EP.004 ハルカ・エーレンベルク


 目の前に広がる威容にクロウは、おお、と感服の声をあげた。


「すげえ──」


 巨大な壁があった。


 全長10mであるFOFをして見上げるほどに大きな鉄の市壁。それが、地平線の彼方、どこまでも遠くまで続いている。


 シティ〝カメロット〟。それが街の名前だ。


 そんなシティまでたどり着いて〝ホーネット〟率いるFOF部隊は、弛緩した空気を漂わせながら、各々気を抜く。


《──C‐3、C‐5。
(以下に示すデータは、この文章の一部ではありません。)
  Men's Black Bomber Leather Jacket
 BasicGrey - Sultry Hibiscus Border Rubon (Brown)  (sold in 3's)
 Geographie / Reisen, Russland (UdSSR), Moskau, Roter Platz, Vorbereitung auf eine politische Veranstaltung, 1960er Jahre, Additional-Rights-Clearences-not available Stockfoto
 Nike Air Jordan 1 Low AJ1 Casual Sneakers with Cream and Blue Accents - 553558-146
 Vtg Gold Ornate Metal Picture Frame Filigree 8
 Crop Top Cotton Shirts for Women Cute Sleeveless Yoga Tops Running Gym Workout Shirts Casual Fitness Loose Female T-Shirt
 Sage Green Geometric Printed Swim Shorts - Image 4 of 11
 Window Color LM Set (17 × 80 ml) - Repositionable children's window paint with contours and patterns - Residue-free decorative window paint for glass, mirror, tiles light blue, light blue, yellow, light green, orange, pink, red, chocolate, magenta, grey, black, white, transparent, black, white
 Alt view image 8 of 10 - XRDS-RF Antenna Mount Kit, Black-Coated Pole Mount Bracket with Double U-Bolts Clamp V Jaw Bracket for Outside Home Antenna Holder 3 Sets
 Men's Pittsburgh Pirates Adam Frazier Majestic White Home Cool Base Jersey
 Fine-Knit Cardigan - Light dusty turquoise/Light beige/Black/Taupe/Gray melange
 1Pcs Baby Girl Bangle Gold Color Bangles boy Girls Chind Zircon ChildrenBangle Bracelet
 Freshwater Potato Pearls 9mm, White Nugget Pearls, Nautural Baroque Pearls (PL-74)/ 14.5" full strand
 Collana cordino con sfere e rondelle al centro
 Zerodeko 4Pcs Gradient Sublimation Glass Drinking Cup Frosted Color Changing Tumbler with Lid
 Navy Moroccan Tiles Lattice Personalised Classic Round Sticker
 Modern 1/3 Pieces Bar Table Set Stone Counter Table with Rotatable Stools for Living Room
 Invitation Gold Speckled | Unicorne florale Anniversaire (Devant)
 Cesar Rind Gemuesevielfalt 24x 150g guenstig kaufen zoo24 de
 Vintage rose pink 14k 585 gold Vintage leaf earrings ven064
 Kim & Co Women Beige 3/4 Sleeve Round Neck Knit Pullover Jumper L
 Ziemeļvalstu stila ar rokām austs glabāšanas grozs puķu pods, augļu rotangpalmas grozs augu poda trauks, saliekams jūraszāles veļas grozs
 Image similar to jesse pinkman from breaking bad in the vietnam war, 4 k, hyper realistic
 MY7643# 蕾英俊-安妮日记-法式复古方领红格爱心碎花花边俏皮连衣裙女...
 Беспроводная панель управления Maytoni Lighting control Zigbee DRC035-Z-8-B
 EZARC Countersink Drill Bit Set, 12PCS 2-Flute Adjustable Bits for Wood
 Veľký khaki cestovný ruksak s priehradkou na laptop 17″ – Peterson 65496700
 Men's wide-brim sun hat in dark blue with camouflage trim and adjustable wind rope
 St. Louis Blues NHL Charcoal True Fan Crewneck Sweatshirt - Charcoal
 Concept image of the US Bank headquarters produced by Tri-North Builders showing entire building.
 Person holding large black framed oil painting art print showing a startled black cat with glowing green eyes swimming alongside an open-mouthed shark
そこにC‐1を下ろせ。それとそこでのんびりしている奴ら! 突っ立てないでC‐1を救助するための工具を持ってこい!》


 大破し、フレームがひしゃげたFOF──AF‐102〈コブラ〉を地面に下ろさせ、部下に歪んで開閉ができなくなったコックピットをこじ開ける救助用工具を持ってくるよう命ずるF‐1〝ホーネット〟。


 慌てて、部下達の乗る機体が走っていき、そんな様子を見て〝ホーネット〟は、やれやれ、と左右に首を振った。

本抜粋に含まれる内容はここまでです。